Pianto. Klachte.
Een Vrouwe in 't swart gekleet en onthult, die mette rechterhand haere hoofdhayren uyt treckt, wesende gekroont met een krans van Apium of jonghvrouwmerck, houdende inde slincker een boonestruik met bladers en vruchten, en ter syden sal een Swaluwe staen.
Het swarte kleed is altijd een kenteicken van rouwe en klachte: en de hoofdhayren in 't wilde verspreyt, als mede de krans van Apium, bedieden de klachte, want by de oude wierden dieselve gebruyckt, om daer van bedden voor de dooden te maecken.

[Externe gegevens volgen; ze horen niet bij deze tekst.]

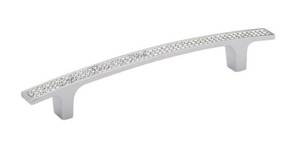 lot 30923 image: Richelieu Hardware 5-116 in. (128 mm) Center-to-Center Crystal, Chrome Contemporary Crystal Drawer Pull Lot of 13
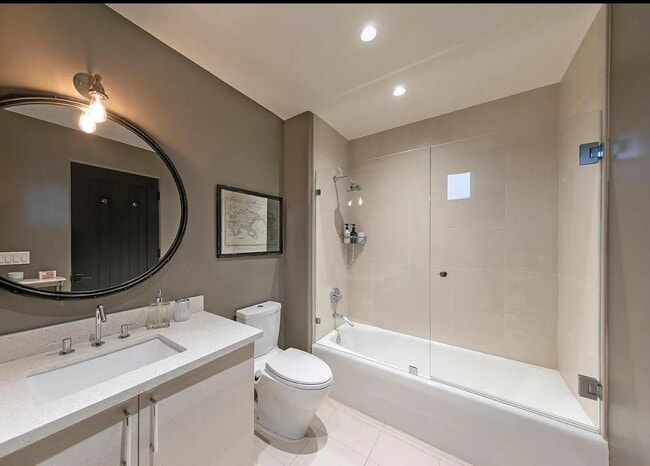Building Photo - "Charming 1-Bed Retreat with Hardwood Eleg... Rental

De struyck van Boonen worter gestelt, om de meninge van de Oude Latinen te volgen, die daer wilden dat dese soude zijn een plante van klachte en van treuricheyt, seggende dat onder dese plante het woord van rouw en van klachte geschreven was: waer over Varro verbood dat de Priesters die selve niet souden eeten. 't Lust my oock, tot dit voorstel te verhaelen de Sotheyd van Pythagoras, diewelcke van de Vyanden besprongen zijnde, konnende sich gemacklijck bergen in een veld met boonen datter na by was, heeft sich veel liever willen laeten dooden, seggende, dat hy de afgestorvene zielen niet wilde ontrusten of verstooren, die hy dwaeslijck waende, dat onder dese bloemen rusten.
De Swaluwe wort voor de klachte gestelt, om dat haer sangh seer treurigh is. Waer over de Poëten versieren, dat Progne schreyde over het ongelijck, dat haeren man Tereus was aengedaen, gelijck veele Schrijvers dat selve wydlopigh verhaelen.